> TASK DETAILS: Return every record below exactly as given, images excluded.

> Image-caption web data:

**********

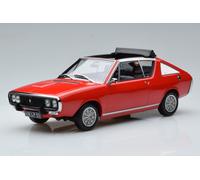 Renault 17 Gordini Decouvrable 1975 Red 1:18 Model 185371 Norev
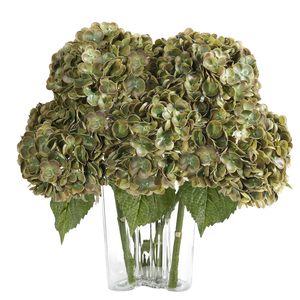 Hortensia Artificial de Látex con Tacto Real, Hortensia Artificial al por Mayor para la Vuelta al Cole, Decoración de Mesa para Fiestas en Casa - Product Image 3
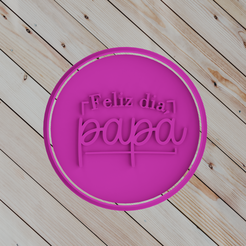 21.png STL file COOKIE CUTTER happy day papap・Model to download and 3D print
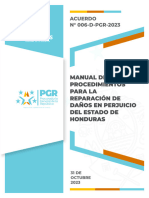 Manual de Procedimientos para La Reparación de Daños en Perjuicio Del Estado de Honduras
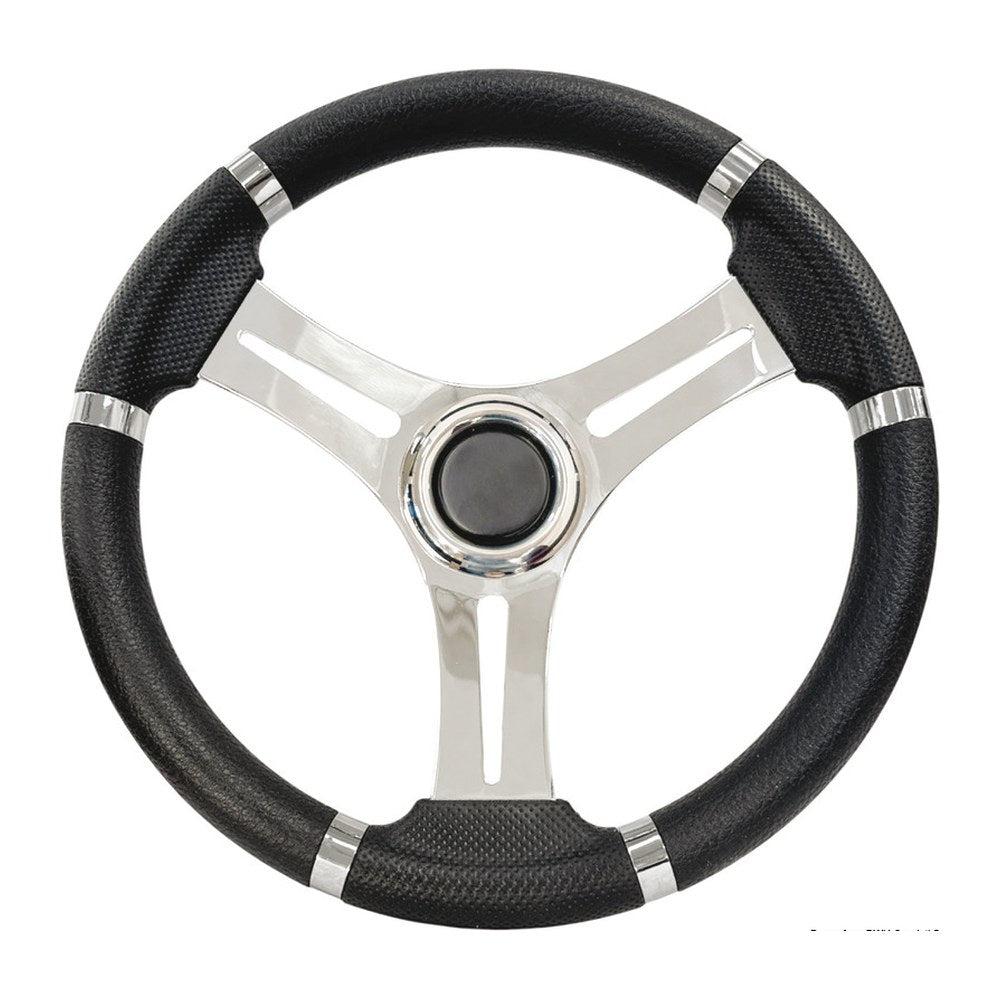 Steering wheel black wheel 350 mm - foto originale Osculati Srl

**********

> SOLUTION FOR THIS TASK:
 Renault 17 Gordini Decouvrable 1975 Red 1:18 Model 185371 Norev
 Hortensia Artificial de Látex con Tacto Real, Hortensia Artificial al por Mayor para la Vuelta al Cole, Decoración de Mesa para Fiestas en Casa - Product Image 3
 21.png STL file COOKIE CUTTER happy day papap・Model to download and 3D print
 Manual de Procedimientos para La Reparación de Daños en Perjuicio Del Estado de Honduras
 Steering wheel black wheel 350 mm - foto originale Osculati Srl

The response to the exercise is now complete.